Intel Optane as SLOG for SSD ZFS Pool

alebeta · Oct 15, 2021

Hi friends,

I'm new in the community and with TrueNas too.

At the moment I want to build a storage server and I had been reading some blog posts of other friends telling their experience and so on, but I would like to clarify something that may be very simple.

I have in mind to create a ZFS storage pool using 8 x 3.84TB SAS 12Gbps 2.5 Solid State Drive and I would like to add a SLOG Device Intel OptaneSSD 905P Series 280GB, to increase security to Data Writes and increase the performance.

Now my doubt is, if my ZFS Pool is already SSD, the Intel Optane would really increase the performance? or I should not take it as a performance enhancer but just as security for my data?

Thanks in advance

Samuel Tai · Oct 15, 2021

As @jgreco is fond of saying, an SLOG is not a write cache. You'll likely not see any performance gain.

jgreco · Oct 15, 2021

SLOG is not a performance enhancer.

https://www.truenas.com/community/threads/some-insights-into-slog-zil-with-zfs-on-freenas.13633/

If you are doing something like databases or VM's where the filer vanishes and takes some committed transactions with it, while leaving a hypervisor running, then you should have sync writes enabled. Sync writes are notoriously slow on ZFS, so there is a mechanism to speed that up, which is SLOG. However, this is NEVER faster than just turning off sync writes and letting the pool do its thing normally.

ZFS async writes are *always* faster than SLOG writes because ZFS uses your system memory for its write cache, and it can allocate many gigabytes for the purpose.

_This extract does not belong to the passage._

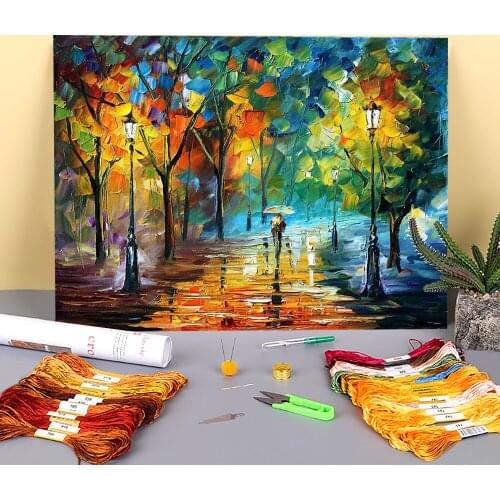 Green Tree Printed Fabric 11CT Cross-Stitch Embroidery Complete Kit DMC Threads Handicraft Knitting Handmade Handiwork Design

This means that we are comparing fast writes to RAM (async) to slow writes to Optane (SLOG). And of course this is where someone chimes in with "but Optane is so fast", but it ain't nothin' compared to DRAM.

So if you need sync writes, the pool drives on their own MIGHT be fast enough to support ZIL-in-pool, you can always try it and see if it's fine for you. If not, then you can always add a SLOG device.

But give careful consideration to whether you need any of this at all.

jgreco · Oct 15, 2021

Samuel Tai said:
As @jgreco is fond of saying, an SLOG is not a write cache. You'll likely not see any performance gain.

@Samuel Tai wins today's award for beating my wordy response with a short summary by 30 seconds.

alebeta · Oct 15, 2021

Hi @Samuel Tai @jgreco

thanks for the comments, and yes I'm writing here because I want to understand if the SLOG is needed at all or not in my use case.

This storage server will be serving as Data Store for Virtual Machines disks.

I guess what you said

If you are doing something like databases or VM's where the filer vanishes and takes some committed transactions with it, while leaving a hypervisor running, then you should have sync writes enabled. Sync writes are notoriously slow on ZFS, so there is a mechanism to speed that up, which is SLOG. However, this is NEVER faster than just turning off sync writes and letting the pool do its thing normally.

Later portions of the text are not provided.